AWI scholarship winners lead grassroots efforts to improve the lives of animals

Washington D.C.—The Animal Welfare Institute (AWI) today announced the 15 winners of a scholarship designed to support high school seniors seeking a post-secondary education aimed at improving the lives of animals.

In his third year, the scholarship program recognizes students across the United States who are actively involved in helping animals in their schools or communities and plan to continue such efforts in college and beyond. The 15 winners, selected from 182 applicants, received $2,000 each.

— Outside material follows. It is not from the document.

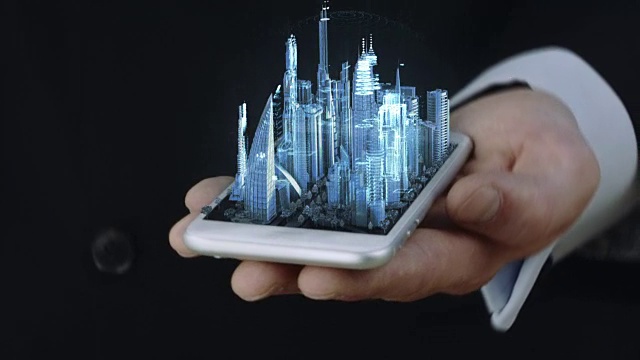 商人拿着电话与蓝色透明3D城市全息图视频素材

“These dedicated young humanitarians have shown initiative and drive to help improve the lives of animals,” said AWI President Cathy Liss. “We are proud to support this next generation of advocates as they they plan to pursue studies that will allow them to dedicate their careers to improving animal welfare.

As part of the application process, students were asked to describe their college plans, career aspirations, current animal welfare efforts, and views on animal welfare issues. This year’s winners demonstrated an impressive level of volunteerism at animal shelters, wildlife rehabilitation clinics and horse rescues, with extracurricular activities ranging from caring for stray cats to donating pet supplies for homeless animals and school presentations on important animal welfare issues.

Many aspiring veterinarians applied for the scholarship, along with students from disciplines related to wildlife biology, animal behavior, environmental studies, and animal law. The varied career goals of these students demonstrate how professionals from different backgrounds can work to protect animals from unnecessary harm and suffering.

The winners are:

Ariana Camacho, Hudson High School, New York; Meleah Eckels, Churchill Academy, Alabama; Iris Gillespie, J. Graham Brown School, Kentucky; Jesus Hadad, Obra D. Tompkins High School, Texas; Sage Hall, Gulf Breeze High School, Florida; Emily Keller, Skyline High School, Utah; Weslyn McLaws, West Henderson High School, North Carolina; AnaVictoria Medina, homeschooled, Missouri; Alexis Meiklejohn, Gunston School, Maryland; Skylar Nahouray, New West Charter School, California; Cassandra Price, River Valley Charter School, California; Christopher Reigel, Cherry Hill West High School, New Jersey; Lily Thomas, Putnam County High School, Georgia; Haley Walker, Madison County High School, Virginia; and Tylar Zingerella, Wando High School, South Carolina.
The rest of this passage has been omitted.